> PROBLEM TO SOLVE
Every line in the data below that holds "White" should be found and copied.

> TASK INPUTS
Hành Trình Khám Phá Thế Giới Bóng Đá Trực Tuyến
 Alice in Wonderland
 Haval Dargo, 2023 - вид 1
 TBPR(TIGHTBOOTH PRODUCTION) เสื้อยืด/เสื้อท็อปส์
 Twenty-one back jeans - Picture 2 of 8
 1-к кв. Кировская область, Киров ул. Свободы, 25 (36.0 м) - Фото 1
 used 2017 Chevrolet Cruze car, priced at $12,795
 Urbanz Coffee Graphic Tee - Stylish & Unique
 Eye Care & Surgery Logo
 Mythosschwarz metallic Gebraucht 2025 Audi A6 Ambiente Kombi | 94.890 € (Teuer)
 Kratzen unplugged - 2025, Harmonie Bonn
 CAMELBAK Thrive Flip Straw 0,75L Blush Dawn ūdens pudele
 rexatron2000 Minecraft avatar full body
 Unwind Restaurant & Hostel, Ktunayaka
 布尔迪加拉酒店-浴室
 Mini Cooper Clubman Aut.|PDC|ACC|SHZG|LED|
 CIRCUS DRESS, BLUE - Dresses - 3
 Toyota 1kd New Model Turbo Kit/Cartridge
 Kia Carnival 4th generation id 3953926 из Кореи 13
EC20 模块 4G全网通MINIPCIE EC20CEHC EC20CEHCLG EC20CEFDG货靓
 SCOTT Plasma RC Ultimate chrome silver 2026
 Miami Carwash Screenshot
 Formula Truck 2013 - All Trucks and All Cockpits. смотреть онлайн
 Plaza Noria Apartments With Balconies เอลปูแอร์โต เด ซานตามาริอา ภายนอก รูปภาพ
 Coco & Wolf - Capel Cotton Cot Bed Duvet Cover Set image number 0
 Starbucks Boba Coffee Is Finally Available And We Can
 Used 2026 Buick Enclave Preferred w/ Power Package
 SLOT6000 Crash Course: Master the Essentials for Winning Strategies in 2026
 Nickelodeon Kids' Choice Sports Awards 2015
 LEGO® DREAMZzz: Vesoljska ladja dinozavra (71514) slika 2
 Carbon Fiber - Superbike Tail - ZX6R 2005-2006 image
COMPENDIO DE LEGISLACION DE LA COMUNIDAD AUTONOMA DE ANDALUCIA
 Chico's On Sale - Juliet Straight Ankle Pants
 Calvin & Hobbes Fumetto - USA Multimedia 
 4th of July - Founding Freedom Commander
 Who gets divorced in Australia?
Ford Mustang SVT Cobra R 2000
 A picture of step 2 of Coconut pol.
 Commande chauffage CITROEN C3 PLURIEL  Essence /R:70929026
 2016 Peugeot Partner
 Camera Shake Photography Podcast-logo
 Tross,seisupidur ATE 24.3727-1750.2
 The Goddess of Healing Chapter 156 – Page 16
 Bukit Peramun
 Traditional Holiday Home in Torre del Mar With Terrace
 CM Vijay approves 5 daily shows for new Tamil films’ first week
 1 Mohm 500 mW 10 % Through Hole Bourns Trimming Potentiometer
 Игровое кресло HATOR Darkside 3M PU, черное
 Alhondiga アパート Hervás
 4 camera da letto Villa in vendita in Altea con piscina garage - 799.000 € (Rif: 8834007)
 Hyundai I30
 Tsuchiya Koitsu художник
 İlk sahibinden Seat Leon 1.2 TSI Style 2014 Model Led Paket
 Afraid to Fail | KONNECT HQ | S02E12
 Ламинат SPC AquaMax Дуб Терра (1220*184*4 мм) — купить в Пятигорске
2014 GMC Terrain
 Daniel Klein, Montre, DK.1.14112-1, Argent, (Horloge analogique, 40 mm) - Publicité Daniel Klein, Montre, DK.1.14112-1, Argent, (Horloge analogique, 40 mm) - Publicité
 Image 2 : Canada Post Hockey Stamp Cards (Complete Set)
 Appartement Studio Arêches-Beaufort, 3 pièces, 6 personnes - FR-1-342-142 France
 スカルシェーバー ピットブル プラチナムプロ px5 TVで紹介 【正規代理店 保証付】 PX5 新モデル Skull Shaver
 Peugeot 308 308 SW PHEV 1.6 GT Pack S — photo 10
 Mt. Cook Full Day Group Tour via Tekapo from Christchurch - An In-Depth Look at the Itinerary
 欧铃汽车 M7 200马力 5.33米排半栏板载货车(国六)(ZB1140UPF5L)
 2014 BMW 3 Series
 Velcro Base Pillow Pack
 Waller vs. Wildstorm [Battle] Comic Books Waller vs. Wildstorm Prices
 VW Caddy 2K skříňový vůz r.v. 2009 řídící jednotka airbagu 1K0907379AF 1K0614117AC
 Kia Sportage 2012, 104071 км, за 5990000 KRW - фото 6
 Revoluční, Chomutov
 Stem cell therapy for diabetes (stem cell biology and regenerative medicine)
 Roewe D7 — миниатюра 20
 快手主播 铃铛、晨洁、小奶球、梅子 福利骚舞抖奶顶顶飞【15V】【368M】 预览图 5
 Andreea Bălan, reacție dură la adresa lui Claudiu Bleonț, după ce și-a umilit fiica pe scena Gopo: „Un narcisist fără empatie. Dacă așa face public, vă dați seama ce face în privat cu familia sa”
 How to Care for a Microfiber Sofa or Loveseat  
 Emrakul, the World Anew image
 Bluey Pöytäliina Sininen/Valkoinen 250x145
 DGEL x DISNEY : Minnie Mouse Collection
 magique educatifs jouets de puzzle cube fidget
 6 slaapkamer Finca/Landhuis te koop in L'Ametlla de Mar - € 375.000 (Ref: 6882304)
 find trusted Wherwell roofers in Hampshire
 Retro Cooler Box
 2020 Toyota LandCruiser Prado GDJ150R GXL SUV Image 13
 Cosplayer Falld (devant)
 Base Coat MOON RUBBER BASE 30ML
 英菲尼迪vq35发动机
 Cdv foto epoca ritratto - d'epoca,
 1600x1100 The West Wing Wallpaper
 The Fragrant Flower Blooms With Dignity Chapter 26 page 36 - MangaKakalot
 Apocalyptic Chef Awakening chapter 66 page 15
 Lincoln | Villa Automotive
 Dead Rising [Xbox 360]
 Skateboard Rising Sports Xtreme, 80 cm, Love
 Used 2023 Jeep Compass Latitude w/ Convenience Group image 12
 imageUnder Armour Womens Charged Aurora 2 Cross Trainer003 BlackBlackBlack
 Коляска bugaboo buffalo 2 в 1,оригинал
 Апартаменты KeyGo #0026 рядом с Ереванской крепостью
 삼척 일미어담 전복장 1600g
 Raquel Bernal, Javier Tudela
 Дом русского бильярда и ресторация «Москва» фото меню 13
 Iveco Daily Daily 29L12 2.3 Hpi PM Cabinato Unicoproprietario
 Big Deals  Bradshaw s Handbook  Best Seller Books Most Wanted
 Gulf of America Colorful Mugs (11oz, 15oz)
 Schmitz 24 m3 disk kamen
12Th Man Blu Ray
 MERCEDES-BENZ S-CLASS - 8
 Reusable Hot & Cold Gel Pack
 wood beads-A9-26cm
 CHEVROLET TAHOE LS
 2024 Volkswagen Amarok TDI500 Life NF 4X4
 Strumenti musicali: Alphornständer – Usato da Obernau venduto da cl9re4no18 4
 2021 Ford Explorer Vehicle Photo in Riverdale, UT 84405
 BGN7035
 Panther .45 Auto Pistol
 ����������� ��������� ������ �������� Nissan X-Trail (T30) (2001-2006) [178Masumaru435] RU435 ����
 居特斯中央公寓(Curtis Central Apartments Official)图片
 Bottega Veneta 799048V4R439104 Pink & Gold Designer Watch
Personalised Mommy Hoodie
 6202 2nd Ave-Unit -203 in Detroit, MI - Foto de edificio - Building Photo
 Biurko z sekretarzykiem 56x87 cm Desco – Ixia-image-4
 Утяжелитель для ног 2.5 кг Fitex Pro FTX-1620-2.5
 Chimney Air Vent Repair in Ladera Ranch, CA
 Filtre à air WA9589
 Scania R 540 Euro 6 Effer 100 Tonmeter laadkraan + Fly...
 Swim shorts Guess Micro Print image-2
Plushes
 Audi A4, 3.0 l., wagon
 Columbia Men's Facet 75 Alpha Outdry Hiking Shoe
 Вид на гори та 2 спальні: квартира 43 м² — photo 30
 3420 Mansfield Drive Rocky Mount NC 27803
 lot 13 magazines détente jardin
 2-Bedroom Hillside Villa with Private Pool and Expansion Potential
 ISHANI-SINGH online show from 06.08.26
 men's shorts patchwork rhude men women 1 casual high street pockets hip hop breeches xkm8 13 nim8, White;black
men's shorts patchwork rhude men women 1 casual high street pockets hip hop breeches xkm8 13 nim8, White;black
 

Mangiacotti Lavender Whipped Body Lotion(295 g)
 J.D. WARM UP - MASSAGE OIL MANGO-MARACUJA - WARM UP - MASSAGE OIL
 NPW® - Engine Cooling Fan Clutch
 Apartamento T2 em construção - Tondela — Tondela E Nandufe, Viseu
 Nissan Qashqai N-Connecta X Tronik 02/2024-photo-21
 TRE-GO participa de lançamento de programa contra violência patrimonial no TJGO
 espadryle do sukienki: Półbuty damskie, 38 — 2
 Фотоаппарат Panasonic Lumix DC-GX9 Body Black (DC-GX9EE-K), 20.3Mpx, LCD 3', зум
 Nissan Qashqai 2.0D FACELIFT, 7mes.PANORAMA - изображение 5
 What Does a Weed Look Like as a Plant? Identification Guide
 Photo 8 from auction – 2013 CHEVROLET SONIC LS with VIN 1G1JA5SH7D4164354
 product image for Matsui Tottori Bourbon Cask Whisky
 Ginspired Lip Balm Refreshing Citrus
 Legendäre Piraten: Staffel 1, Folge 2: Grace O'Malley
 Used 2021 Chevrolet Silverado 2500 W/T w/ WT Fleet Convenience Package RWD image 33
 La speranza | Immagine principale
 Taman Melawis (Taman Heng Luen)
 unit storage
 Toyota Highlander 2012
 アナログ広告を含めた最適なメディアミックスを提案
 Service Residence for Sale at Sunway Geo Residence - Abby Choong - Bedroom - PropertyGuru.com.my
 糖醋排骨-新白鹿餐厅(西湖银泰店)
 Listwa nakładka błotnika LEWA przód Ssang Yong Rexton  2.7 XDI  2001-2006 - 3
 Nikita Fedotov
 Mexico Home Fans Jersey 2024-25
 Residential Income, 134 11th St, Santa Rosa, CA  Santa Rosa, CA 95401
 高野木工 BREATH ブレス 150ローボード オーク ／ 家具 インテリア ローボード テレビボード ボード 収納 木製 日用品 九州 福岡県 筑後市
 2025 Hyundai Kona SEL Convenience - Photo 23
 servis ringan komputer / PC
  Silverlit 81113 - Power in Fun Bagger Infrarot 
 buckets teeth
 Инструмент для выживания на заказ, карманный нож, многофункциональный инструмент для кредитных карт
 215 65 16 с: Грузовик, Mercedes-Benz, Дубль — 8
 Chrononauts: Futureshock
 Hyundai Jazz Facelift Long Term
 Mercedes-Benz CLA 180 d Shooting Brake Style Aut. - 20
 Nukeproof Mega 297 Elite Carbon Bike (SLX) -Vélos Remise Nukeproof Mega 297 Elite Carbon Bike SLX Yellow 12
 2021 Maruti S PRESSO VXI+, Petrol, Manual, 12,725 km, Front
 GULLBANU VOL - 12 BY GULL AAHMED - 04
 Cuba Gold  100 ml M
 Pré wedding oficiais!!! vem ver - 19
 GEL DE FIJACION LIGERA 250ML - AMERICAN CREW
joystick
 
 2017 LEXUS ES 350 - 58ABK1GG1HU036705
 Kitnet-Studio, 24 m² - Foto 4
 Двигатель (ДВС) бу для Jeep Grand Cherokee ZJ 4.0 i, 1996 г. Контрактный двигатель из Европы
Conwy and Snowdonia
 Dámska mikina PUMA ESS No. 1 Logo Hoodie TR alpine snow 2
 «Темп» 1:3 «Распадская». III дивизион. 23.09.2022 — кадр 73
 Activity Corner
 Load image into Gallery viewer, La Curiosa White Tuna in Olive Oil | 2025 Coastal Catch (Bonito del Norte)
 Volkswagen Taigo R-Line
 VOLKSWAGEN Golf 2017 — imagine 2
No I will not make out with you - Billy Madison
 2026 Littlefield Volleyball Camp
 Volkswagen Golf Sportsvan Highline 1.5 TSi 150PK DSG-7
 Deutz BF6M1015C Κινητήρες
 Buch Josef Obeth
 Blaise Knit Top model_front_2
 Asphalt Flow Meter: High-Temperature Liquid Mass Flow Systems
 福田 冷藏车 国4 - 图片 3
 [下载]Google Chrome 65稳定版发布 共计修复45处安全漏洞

> RESULT
 men's shorts patchwork rhude men women 1 casual high street pockets hip hop breeches xkm8 13 nim8, White;black
men's shorts patchwork rhude men women 1 casual high street pockets hip hop breeches xkm8 13 nim8, White;black
 Load image into Gallery viewer, La Curiosa White Tuna in Olive Oil | 2025 Coastal Catch (Bonito del Norte)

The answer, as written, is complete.